# Binary Decision Tree Code

The code based submitted here builds a simple binary decision trees to take categorical variables as input and output a simple Decision Tree that classifies data into 2 [binary] classes e.g. BAD vs. Good, Yes vs. No

This work  will use the [LendingClub](https://www.lendingclub.com/) dataset to build a Decision Tree to discern between safe  versus Non-safe loans and predict in the future

## [LendingClub](https://www.lendingclub.com/) data set load & cleanup

Import csv data from local folder

In [18]:
import pandas as pd
loans = pd.read_csv('../lending-club-data.csv/lending-club-data.csv', \
                    low_memory=False)

In [19]:
loans['safe_loans'] = loans['bad_loans'].apply(lambda x : +1 if x==0 else -1)
loans.drop('bad_loans', axis =1)
print 'Loans:- (Rows, Columns)', loans.shape

Loans:- (Rows, Columns) (122607, 69)


In developing the code we use the following  4 categorical features to build and validate the Decision Tree code: 
1. Grade of the loan 
2. The length of the loan term
3. The home ownership status: own, mortgage, rent
4. Number of years of employment.
In the dataset, each of these features is a categorical feature. Since we are building a binary decision tree, we will have to convert this to binary data in a subsequent section using 1-hot encoding.

In [20]:
features = ['grade',              # grade of the loan
            'term',               # the term of the loan
            'home_ownership',     # home_ownership status: own, mortgage or rent
            'emp_length',         # number of years of employment
           ]
target = 'safe_loans'
loans = loans[features + [target]]

### Data set sampling to ensure class balance

A Balanced sample set with similar number of minority and majority class group is helpful for learning decision trees. While many different methodologies are available, we just choose to sample the majority class group to equate to the minority class

In [21]:
safe_loans_raw = loans[loans[target] == 1]
risky_loans_raw = loans[loans[target] == -1]

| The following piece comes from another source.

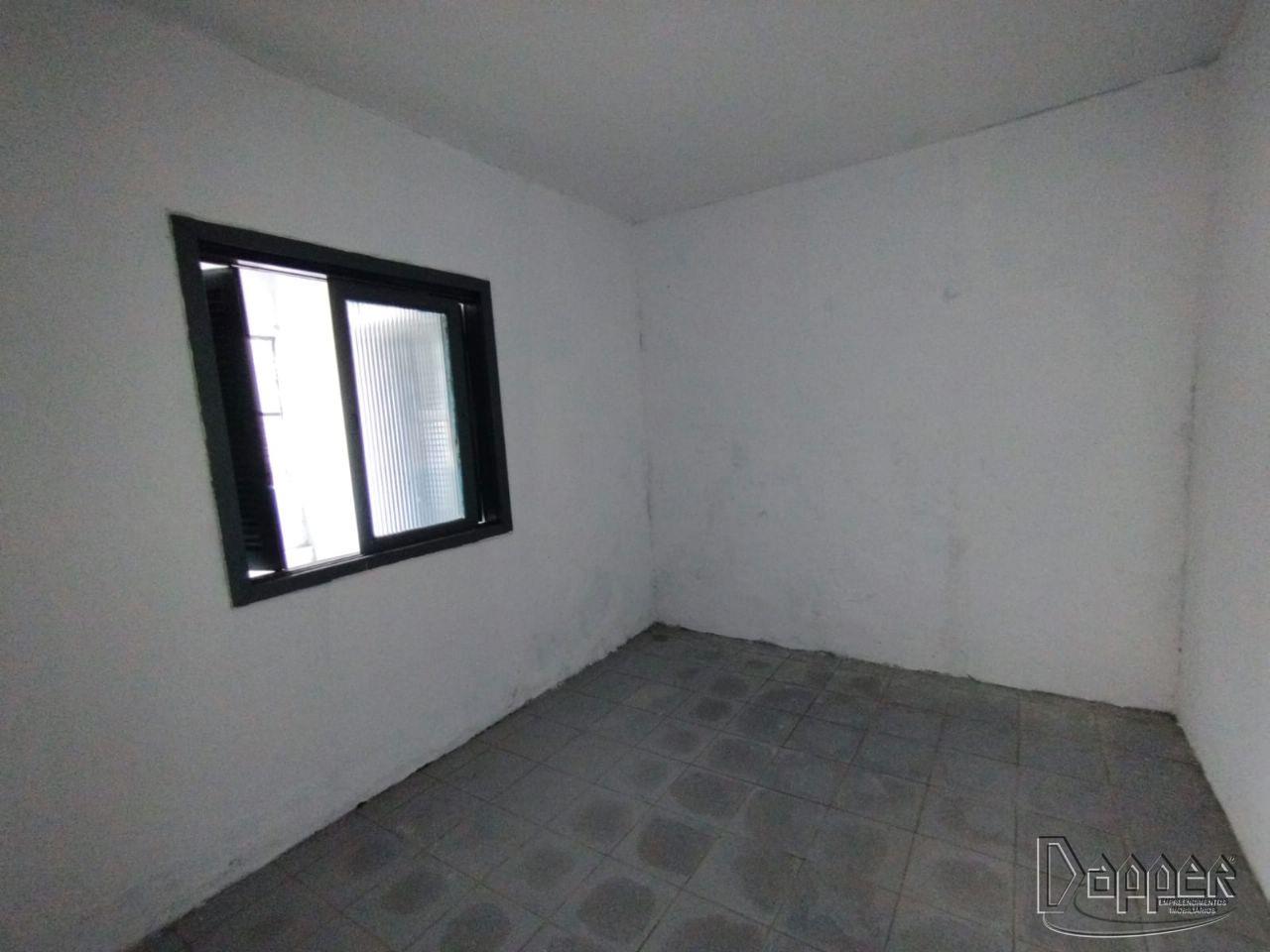 Casa à venda com 2 quartos, 310m² - Foto 10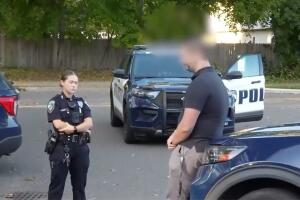 Suspenden a profesor de Long Island por enviar mensajes sexuales a una menor.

# Since there are less risky loans than safe loans, find the ratio of the sizes
# and use that percentage to undersample the safe loans.
percentage = len(risky_loans_raw)/float(len(safe_loans_raw))
safe_loans = safe_loans_raw.sample(len(risky_loans_raw), random_state = 1)
risky_loans = risky_loans_raw
loans_data = risky_loans.append(safe_loans)

print "Raw Proportions(minority/ majority class):", "{0:2.2f}%".format(percentage*100)
print "Percentage of safe loans                 :", len(safe_loans) / float(len(loans_data))
print "Percentage of risky loans                :", len(risky_loans) / float(len(loans_data))
print "Total number of loans in our new dataset :", len(loans_data)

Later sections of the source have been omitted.